Zbliżamy się do Puno. Już w zatoce, jakieś 10 kilometrów od miasta wyrasta przed nami cały archipelag niewielkich wysp. To wyspy Uros, niewątpliwa i wątpliwa atrakcja jeziora Titicaca. Zbudowane z wysuszonej trzciny, od wieku są miejscem gdzie żyją indianie z plemion Uro. Osiedlili się tu przed stuleciami, chroniąc się przed Inkami a później Hiszpanami. Przez wieki tworzyli zamkniętą kulturę odporną na wpływy z zewnątrz. To już przeszłość. Obecnie mieszka tu jakieś 400 osób, których główna formą zarobkowania jest turysta. Jadąc tu wiedzieliśmy czego się spodziewać. Mijamy pierwszą wysepkę. Wygląda to z daleka naprawdę ciekawie. Wszystko zbudowane z trzciny. Wyspa, domy, łódki, sprzęty domowe.
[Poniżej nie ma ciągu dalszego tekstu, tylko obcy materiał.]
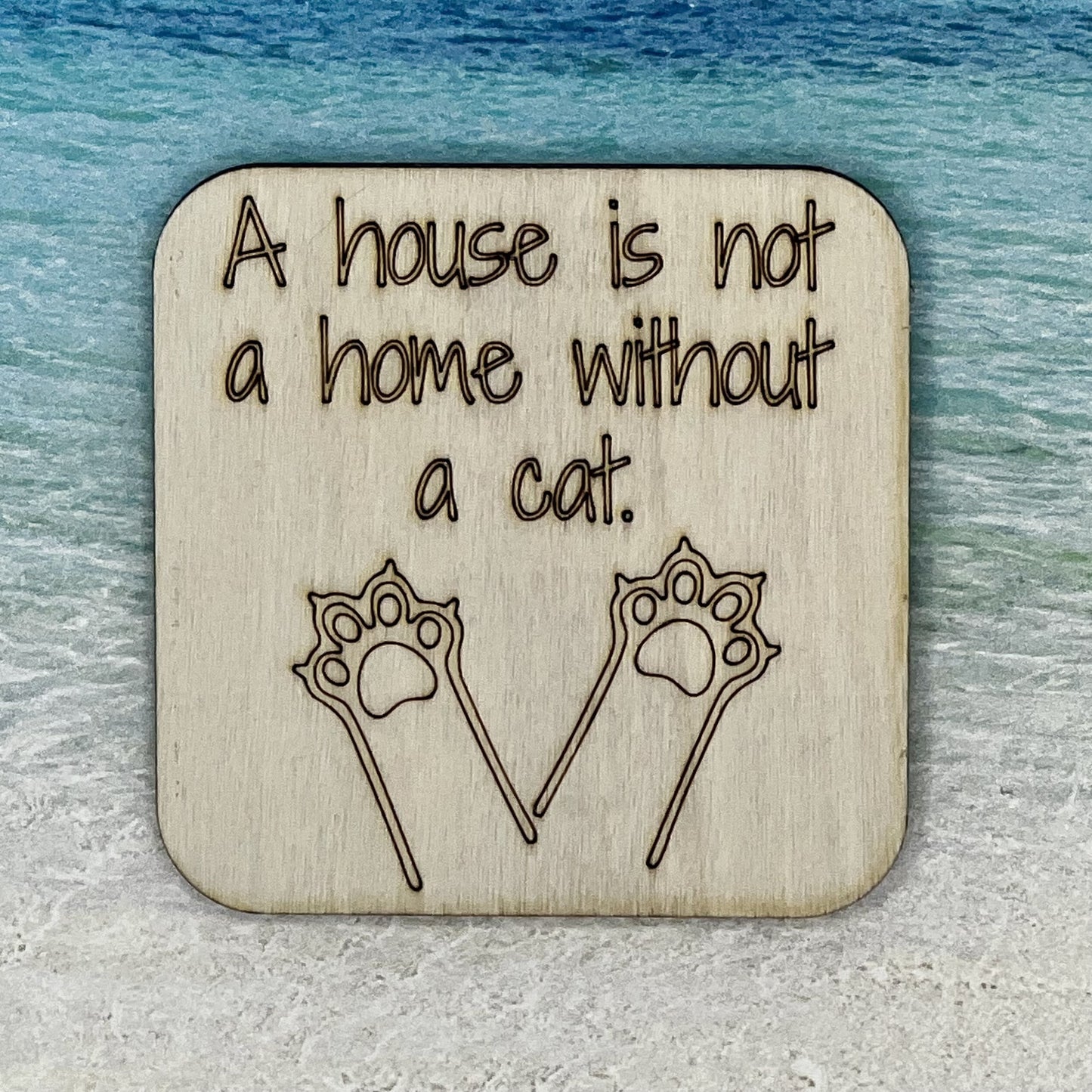 2.5" basewood square with “A house is not a home without a cat“ laser engraved text with image of cat paws.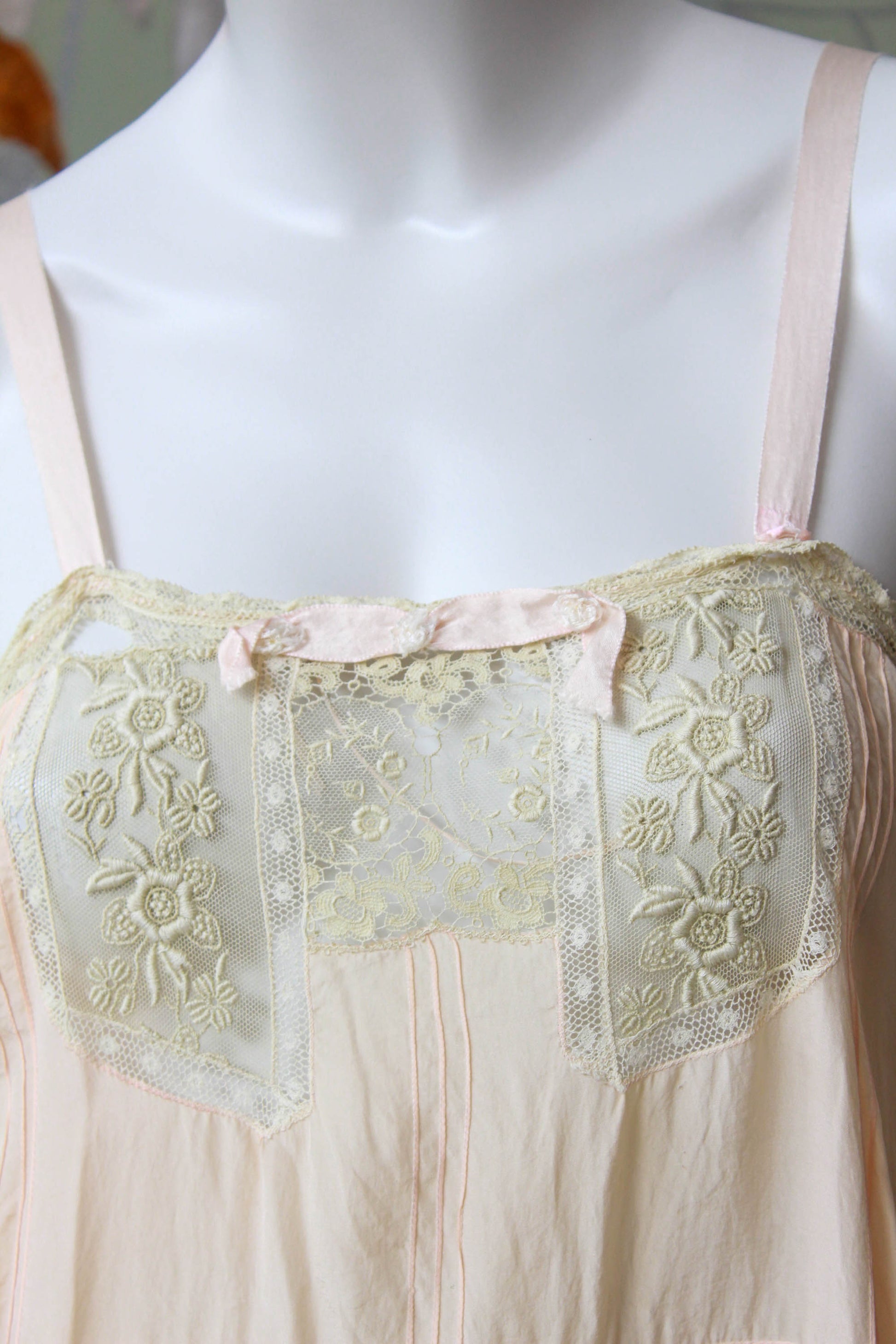 1920s pink silk teddy/step in, with lace insets on bust, small bow and ribbon straps. lace trim, antique lingerie 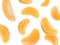 Peeled fresh tangerine pieces falling on white background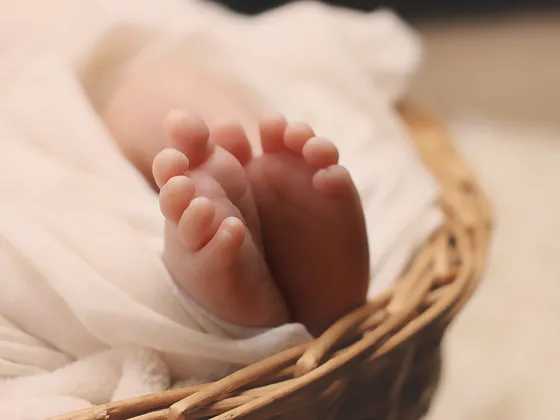 Baby's feet pressed together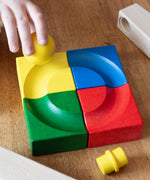 Four coloured corner pieces from the Nic Cubio Wooden ball run set placed together to create a simple circular shaped ball run track. A child's hand can be seen placing the yellow ball on the track. Other pieces from the track can be seen at the sides. 
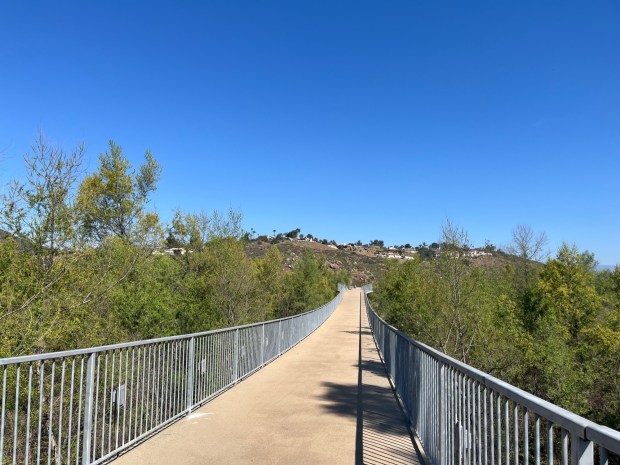 Hikers cross over the San Dieguito River to reach the Coast to Crest Trail. (Maura Fox / The San Diego Union-Tribune)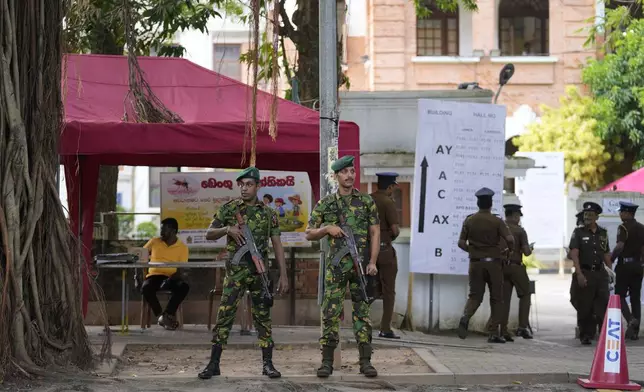 Police commandos stand guard outside a ballot counting center in Colombo, Sri Lanka, Sunday Sept. 22, 2024. (AP Photo/Eranga Jayawardane)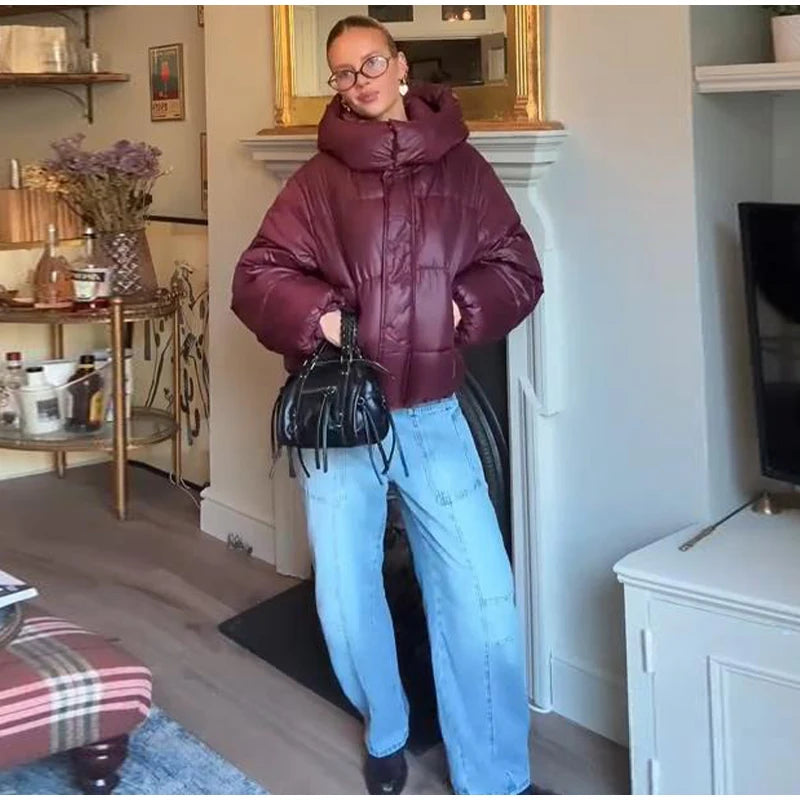 Person wearing a maroon puffer jacket and blue jeans standing in a living room.
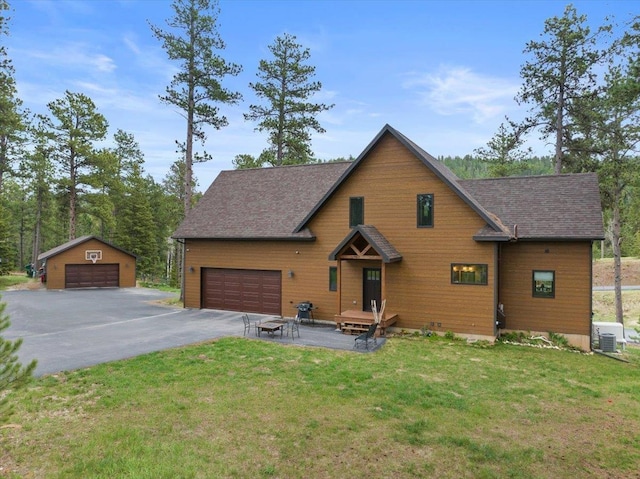 11132 Bogey Cir, Lead, SD 57754 - rustic home featuring a detached garage, a front yard, and a shingled roof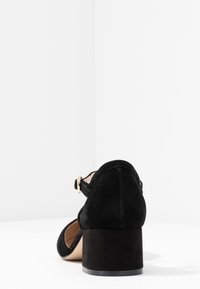 Zapato de ante negro con punta redondeada y un tacón grueso. Presenta una correa lateral con una hebilla dorada y una superficie lisa y texturizada.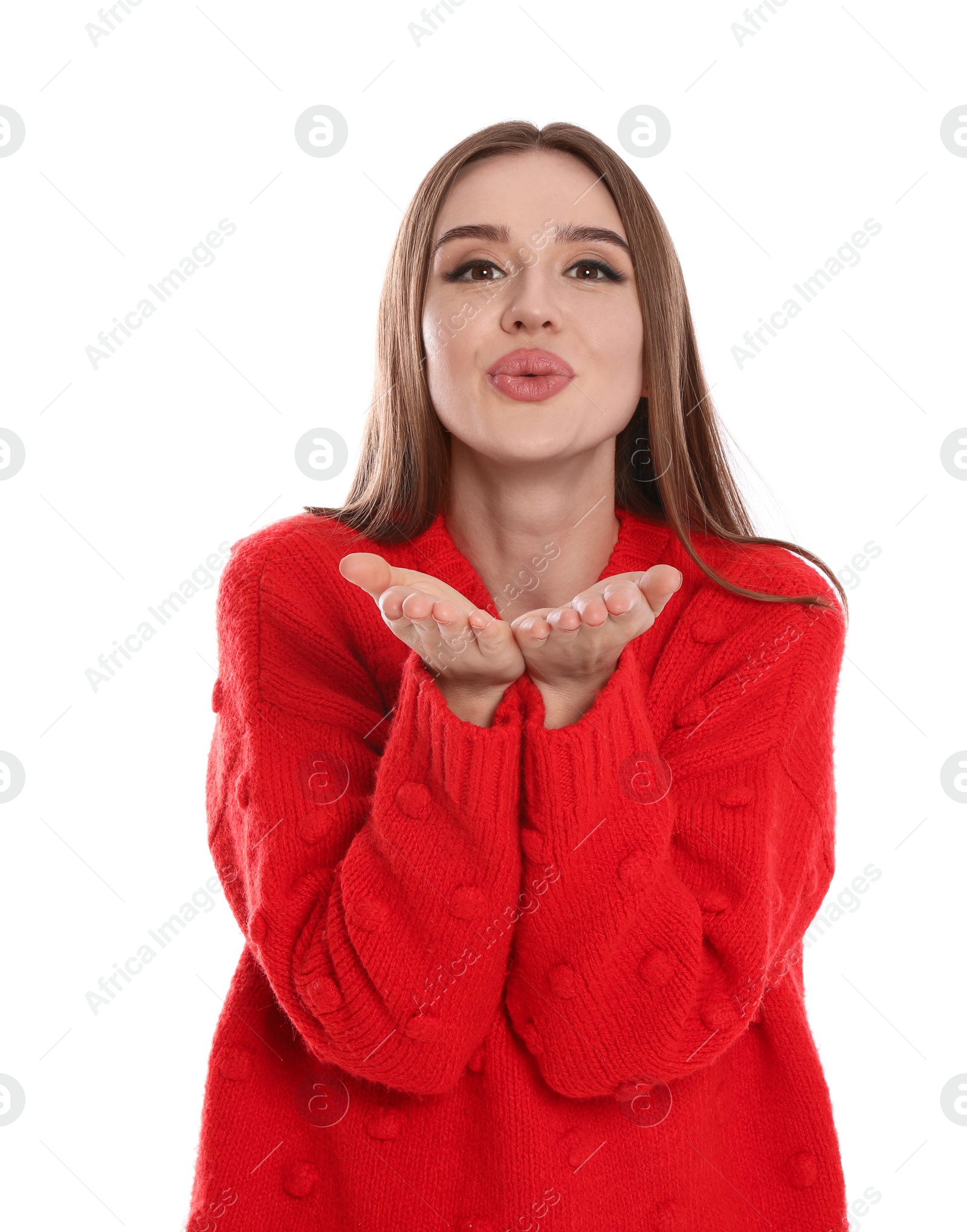 Photo of Beautiful young woman in red sweater on white background. Winter season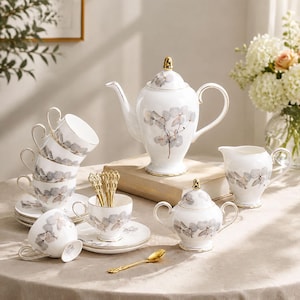 May include: A white porcelain tea set featuring a delicate grey hydrangea floral pattern and gold trim. The set includes a teapot, a lidded sugar bowl, a creamer, six teacups with matching saucers, and several ornate gold-toned metal spoons.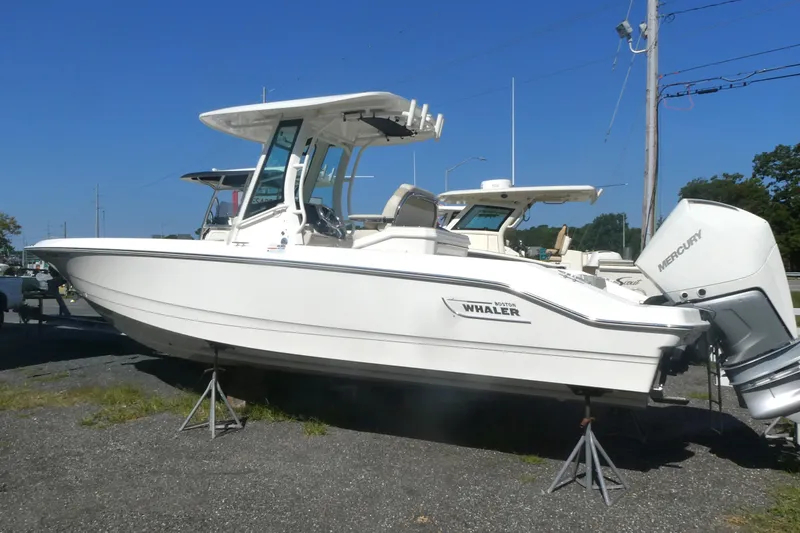 Slide: The Image of 2023 Boston Whaler 280 Dauntless boat on display, featuring dual Mercury engines. - 2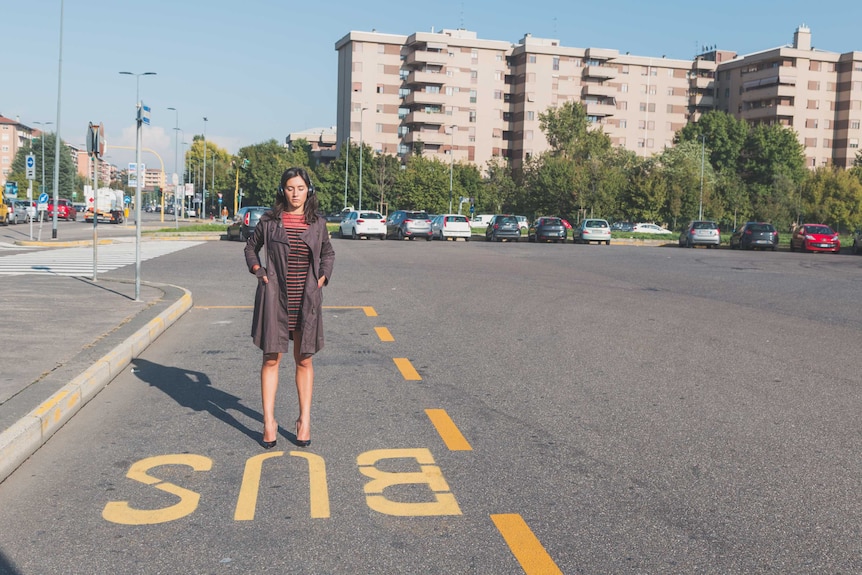 A woman stands at a bus stop.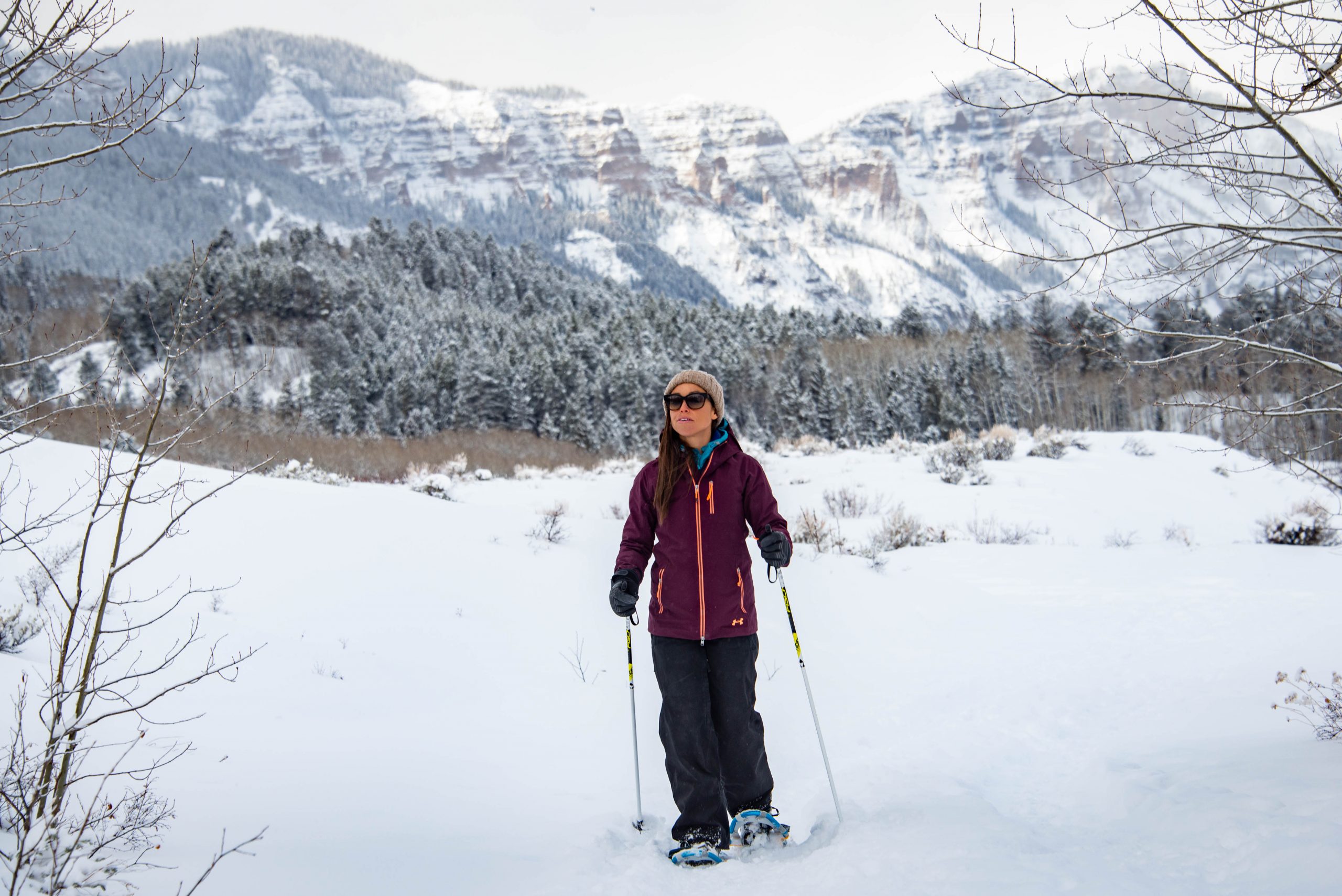 A woman snowshoes on a trail in Colorado.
Nasza wyspa jest malutka, ma może 20×20 metrów. Po zejściu ze statku ląd okazuje się trochę pływający. Nogi zapadają się w trzcinie, ma się wrażenie jakby chodziło się po wielkim łóżku wodnym. Program krótkiego zwiedzania jest zapewne stały. Zaczyna się od prelekcji na temat wyspy.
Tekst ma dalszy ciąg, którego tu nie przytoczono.